A ousada resposta seguiu para o Canadá, no fim de semana passado, nas pastas dos diretores da Vale Murilo Ferreira e Gabriel Stoliar: uma oferta de compra da Inco, segunda maior produtora de níquel do planeta, por nada menos que US$ 17,7 bilhões. Eles seguiram para Toronto e Otawa para formalizar a proposta e tranqüilizar as autoridades canadenses quanto à manutenção de empregos, respeito aos direitos trabalhistas e investimentos no país. Se aceita, será a maior aquisição de uma empresa este ano em todo o mundo, depois da compra da Arcelor pela Mittal Steel, por US$ 33 bilhões. Com a tacada, Agnelli pretende alçar a Vale à condição de segunda maior mineradora do mundo, atrás apenas da australiana BHP Billiton.

A Inco é uma empresa de tradição centenária na exploração de níquel, área em que a Vale mal começou a atuar e que considera estratégica para diversificar sua produção. Se Agnelli acertar o alvo, a Vale poderá em poucos anos dominar o mercado de níquel, metal usado na fabricação de aço inox e cuja cotação chegou a US$ 27 mil por tonelada na semana passada. Em 2005, o preço médio foi de US$ 14,7 mil. “Os ativos de mineração estão muito valorizados pela demanda mundial, especialmente por parte da China e da Índia”, observa o economista Cláudio Frischtak, especialista no setor.

Desde 2000, a Vale já exportou US$ 31 bilhões, investiu US$ 14 bilhões e gastou US$ 5,6 bilhões em aquisições. Mesmo assim, 98% de seus ativos estão localizados no Brasil. Com a aquisição da Inco, que tem operações em vários países, essa fatia seria reduzida para 60% e a base geográfica seria ampliada para a América do Norte (27%), a Ásia (5%), a Europa (3%) e outras regiões. Ou seja: sua vocação de empresa global seria reforçada em curto prazo. “Para participar deste jogo é preciso ter escala global, diversificação e presença internacional”, afirma Frischtak.
O problema é que a Vale entrou na disputa pela Inco com duas outras concorrentes de peso, a canadense Teck Cominco e a americana Phelps Dodge. A Teck Cominco ofereceu US$ 17,7 bilhões, dos quais 50% seriam pagos em dinheiro e 50%, em ações. Como a proposta da Vale contempla 100% do pagamento em dinheiro e a empresa canadense não conseguiu financiamento para melhorar a sua oferta, acabou saindo do páreo.

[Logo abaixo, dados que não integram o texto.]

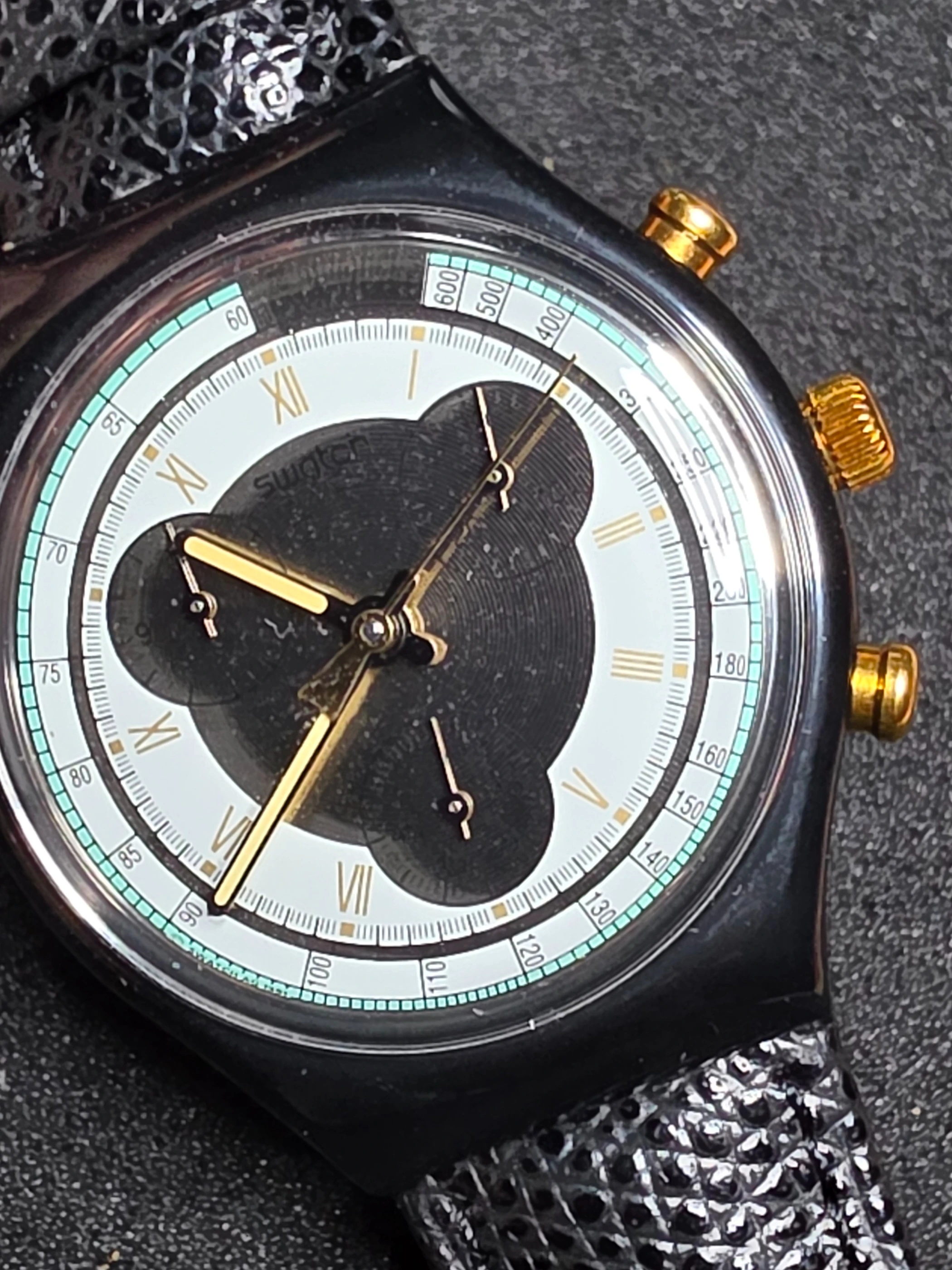 Swatch Chrono Colossal SCB109 – 1992 – NOS – Black Dial – view 4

Na quarta-feira 16, Roger Agnelli acabara de presidir a reunião do Conselho Empresarial Brasil-China, em São Paulo, quando recebeu a boa notícia. As ações da Vale, que haviam caído quase 5% diante da perspectiva de aumento brutal do endividamento (os US$ 17,7 bilhões serão emprestados por bancos) e de uma guerra de ofertas com a Teck Cominco, voltaram a subir. Ele comemorou com discrição. Os acionistas da Inco ainda têm na mesa a oferta de US$ 15,7 bilhões feita pela Phelps Dodge. É uma proposta pior que a da Vale. Além do valor menor, somente 25% seriam pagos em dinheiro. Mas, como as negociações ainda estão abertas, tudo é possível. “Estamos tranqüilos, serenos e seguros”, diz Agnelli. “É um jogo de paciência.” Paciência e, claro, muitos bilhões de dólares para investir.